→ Material shown:

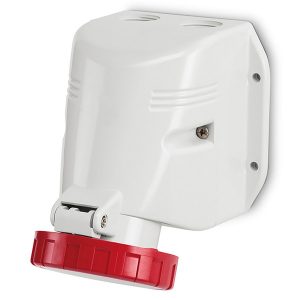 Розетка наружной установки DKC Quadro 32A 3P+E+N 400V IP67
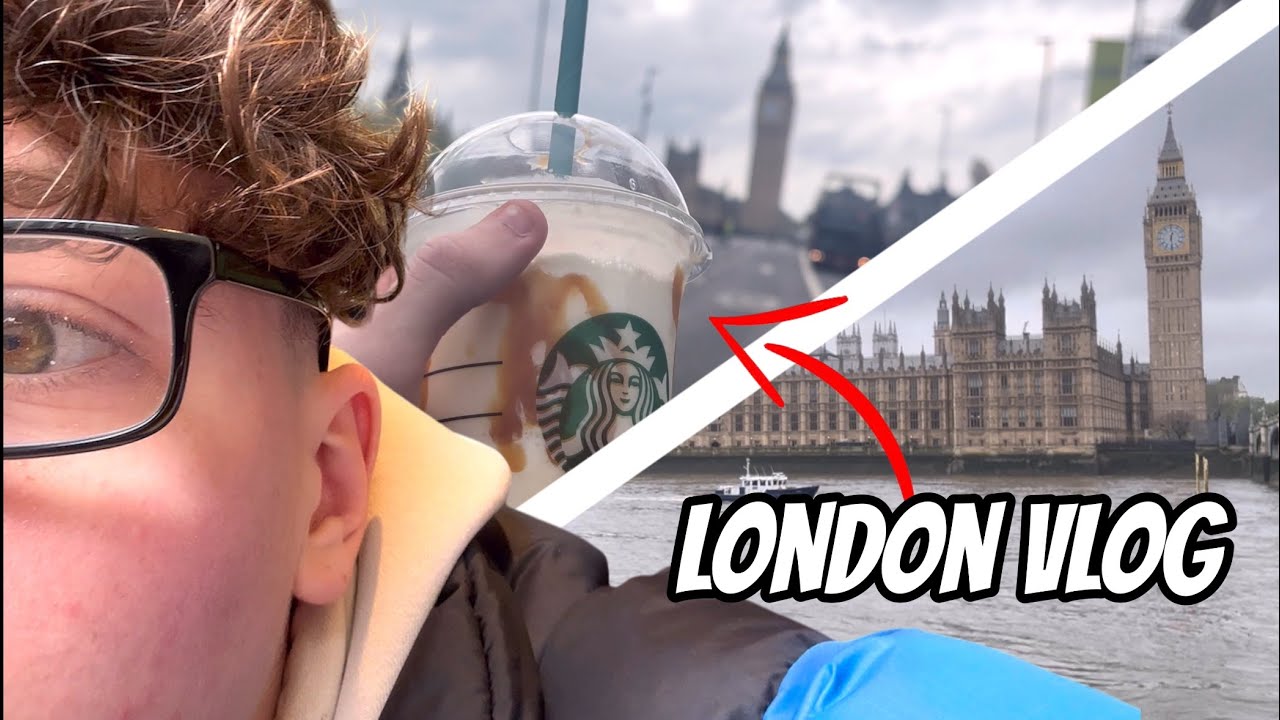 I Went To London And This Happened! (London Vlog) - YouTube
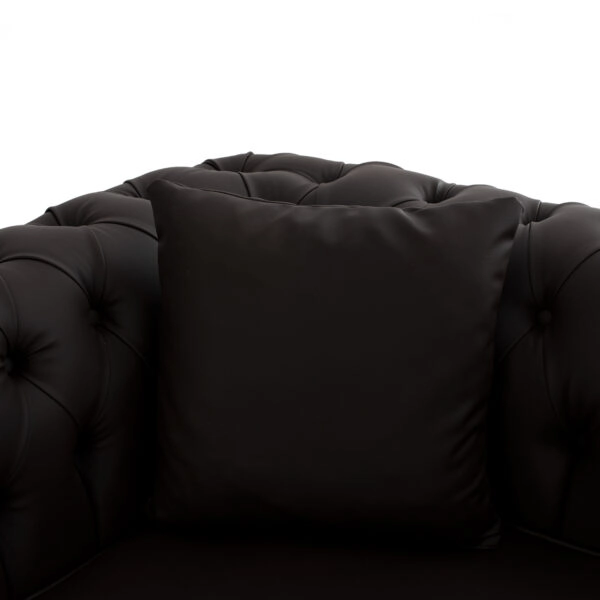 ΚΑΝΑΠΕΣ 2ΘΕΣΙΟΣ Τ. CHESTERFIELD CIELLE ΣΕ ΧΡΩΜΑ ΚΑΦΕ HM3184.03 152x85x80 εκ.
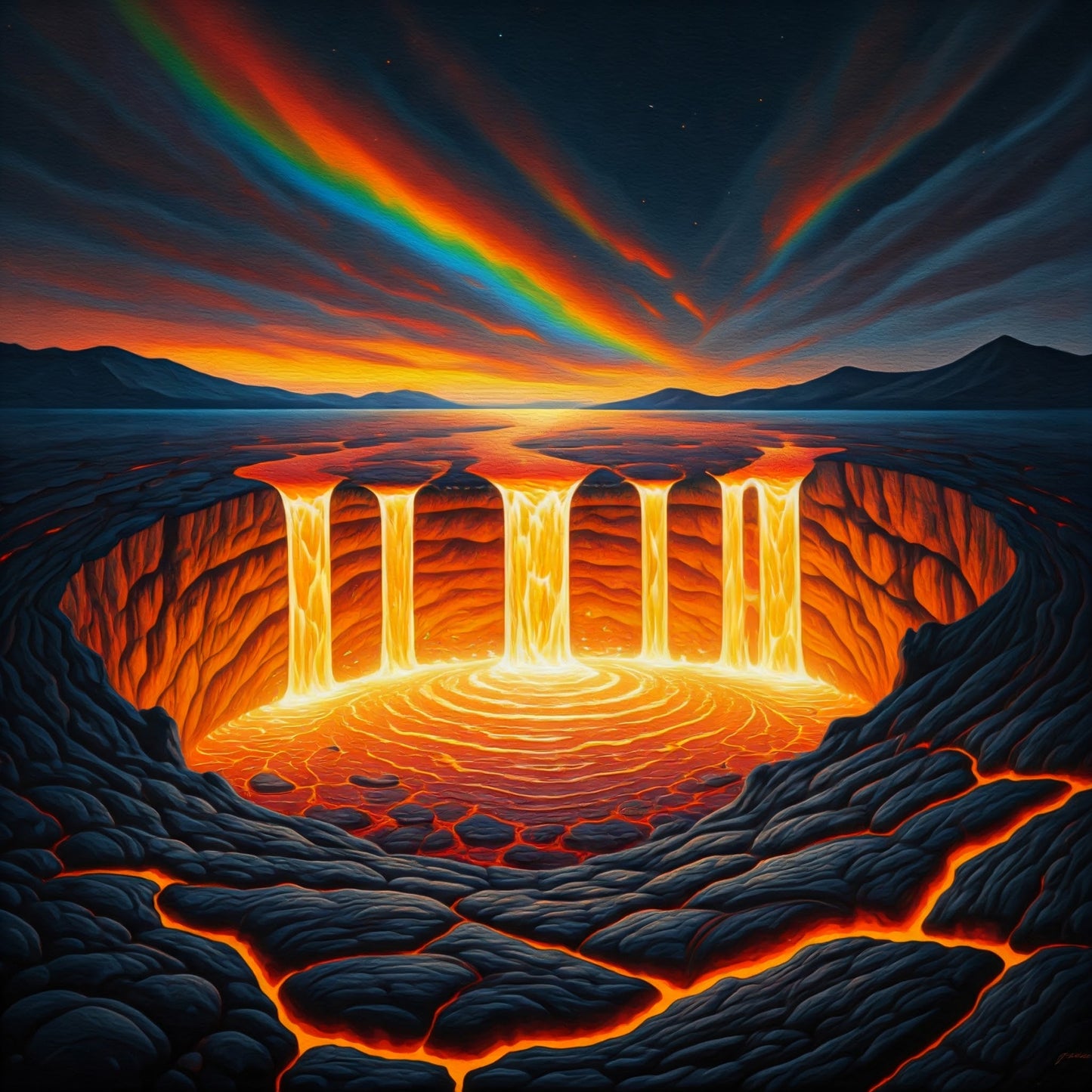 Lava Pit Super collection of 100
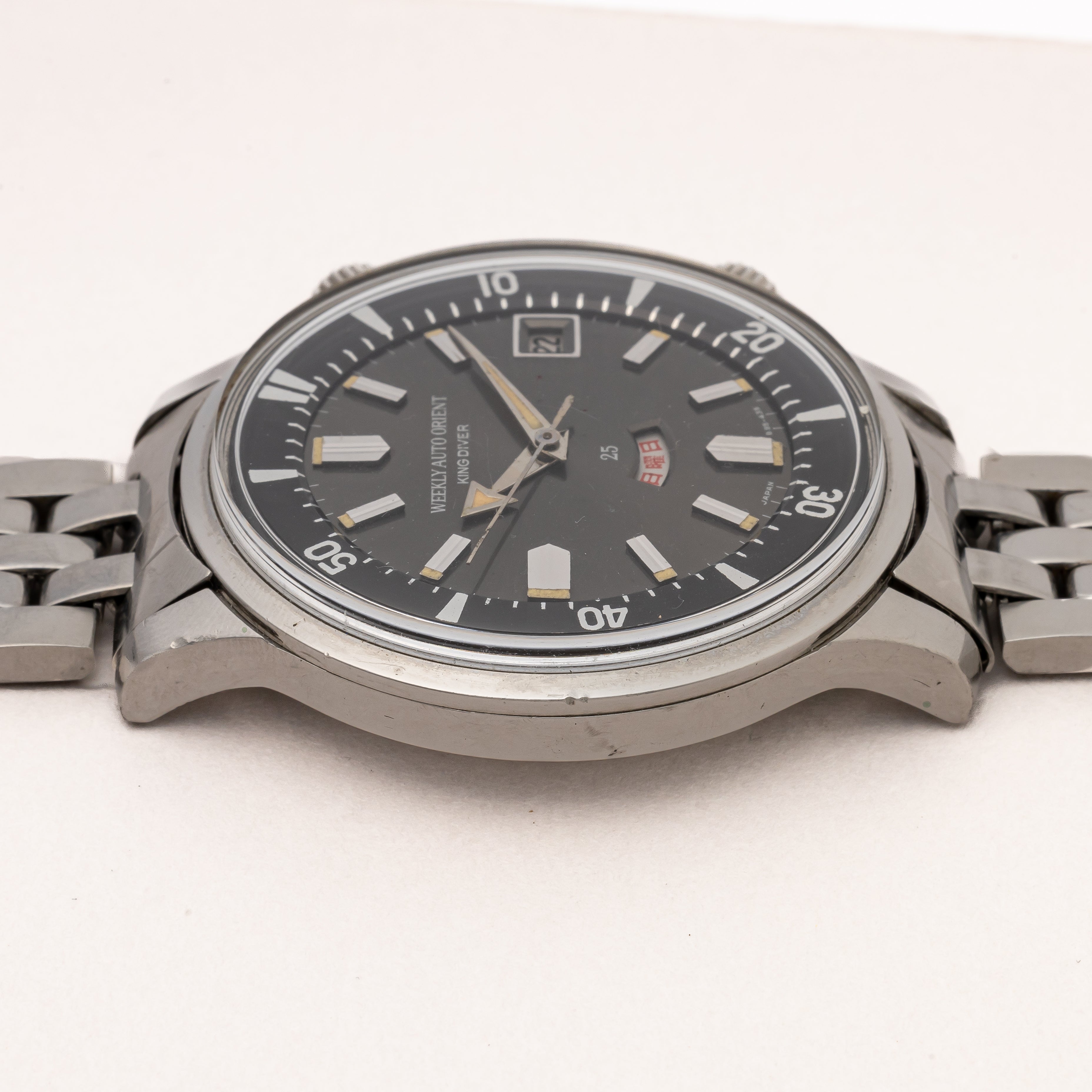 オリエント キングダイバー 1960年代 アローハンド 42㎜ビッグケース Ref.T19410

→ What to do: An exact reproduction of the material above is needed, without its pictures.

→ Task solution:
 Розетка наружной установки DKC Quadro 32A 3P+E+N 400V IP67
 I Went To London And This Happened! (London Vlog) - YouTube
 ΚΑΝΑΠΕΣ 2ΘΕΣΙΟΣ Τ. CHESTERFIELD CIELLE ΣΕ ΧΡΩΜΑ ΚΑΦΕ HM3184.03 152x85x80 εκ.
 Lava Pit Super collection of 100
 オリエント キングダイバー 1960年代 アローハンド 42㎜ビッグケース Ref.T19410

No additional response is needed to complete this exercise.